● **TASK INSTRUCTIONS**:
Images are to be skipped; everything else in the records must be repeated exactly.

● **INPUT DATA**:
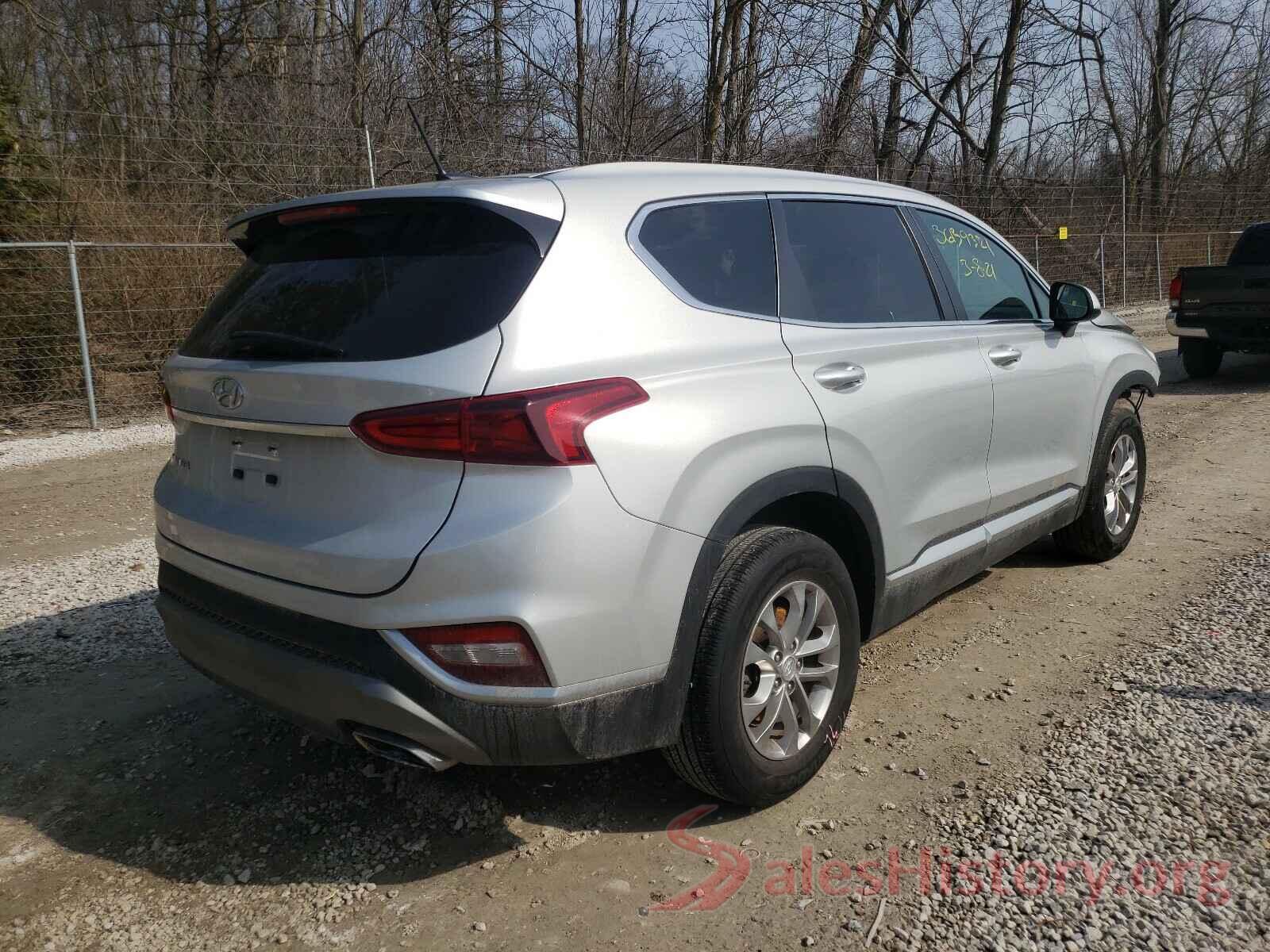 5NMS23AD2KH090681 2019 HYUNDAI SANTA FE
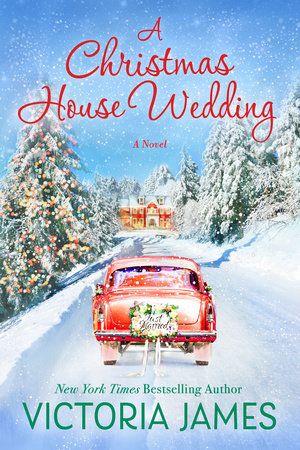 A Christmas House Wedding Paperback by Victoria James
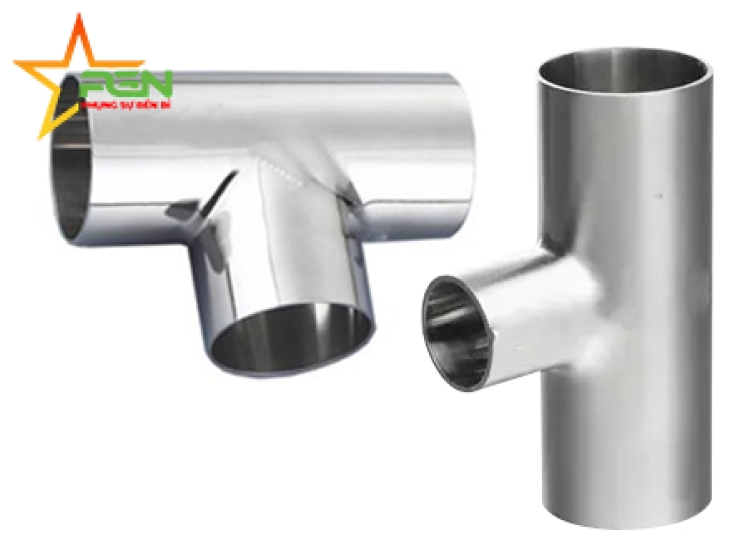 TÊ INOX VI SINH 304, TÊ  INOX VI SINH 316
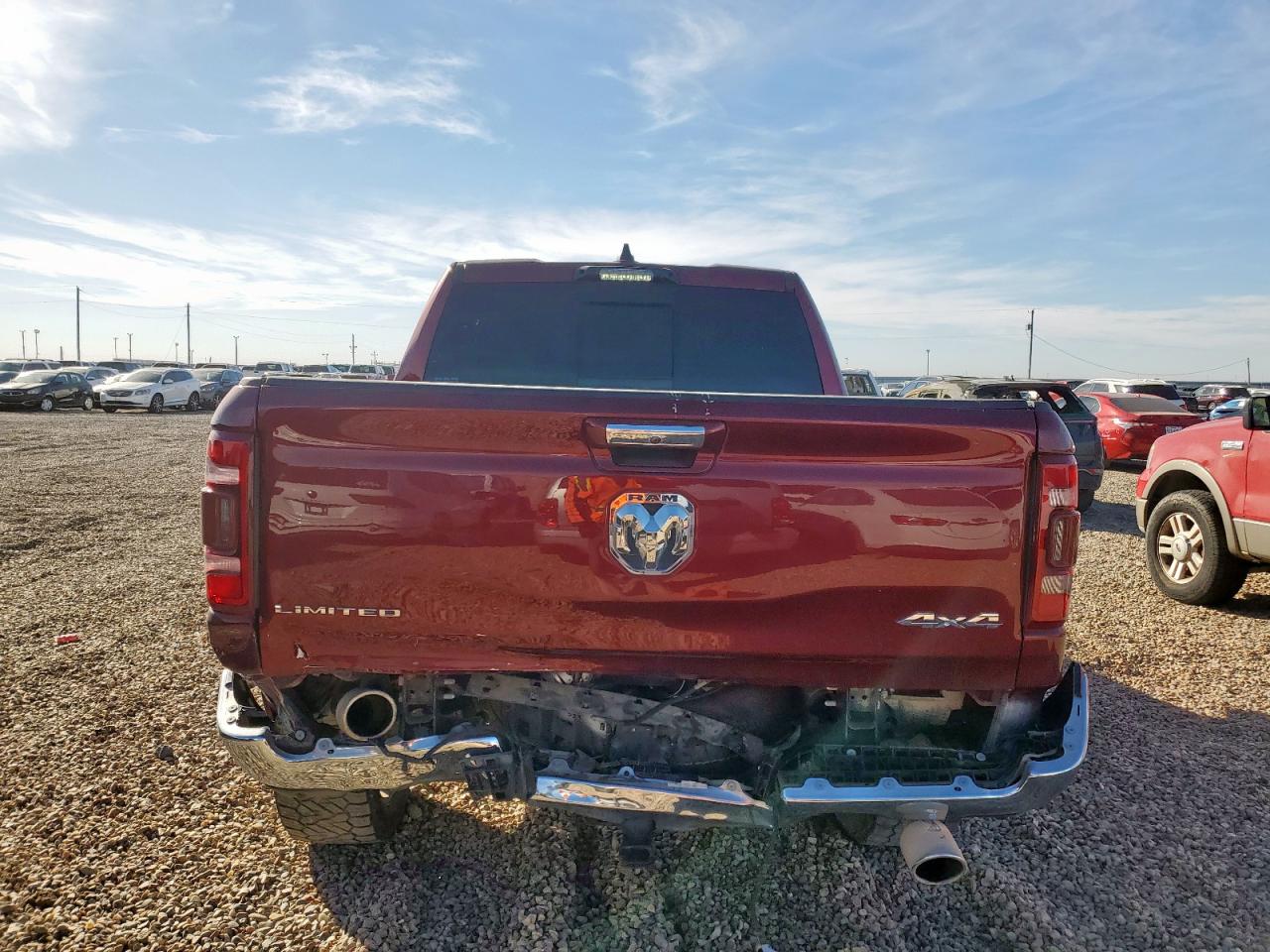 2021 Ram 1500 Limited VIN: 1C6SRFHT1MN592217 Lot: 89895645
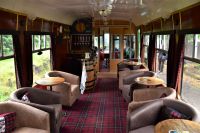 090 Keith & Dufftown Railway, Waggon for Whisky Tasting &ndash; &copy; Konrad Füssel (Eberhardt TRAVEL)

● **RESULT**:
 5NMS23AD2KH090681 2019 HYUNDAI SANTA FE
 A Christmas House Wedding Paperback by Victoria James
 TÊ INOX VI SINH 304, TÊ  INOX VI SINH 316
 2021 Ram 1500 Limited VIN: 1C6SRFHT1MN592217 Lot: 89895645
 090 Keith & Dufftown Railway, Waggon for Whisky Tasting &ndash; &copy; Konrad Füssel (Eberhardt TRAVEL)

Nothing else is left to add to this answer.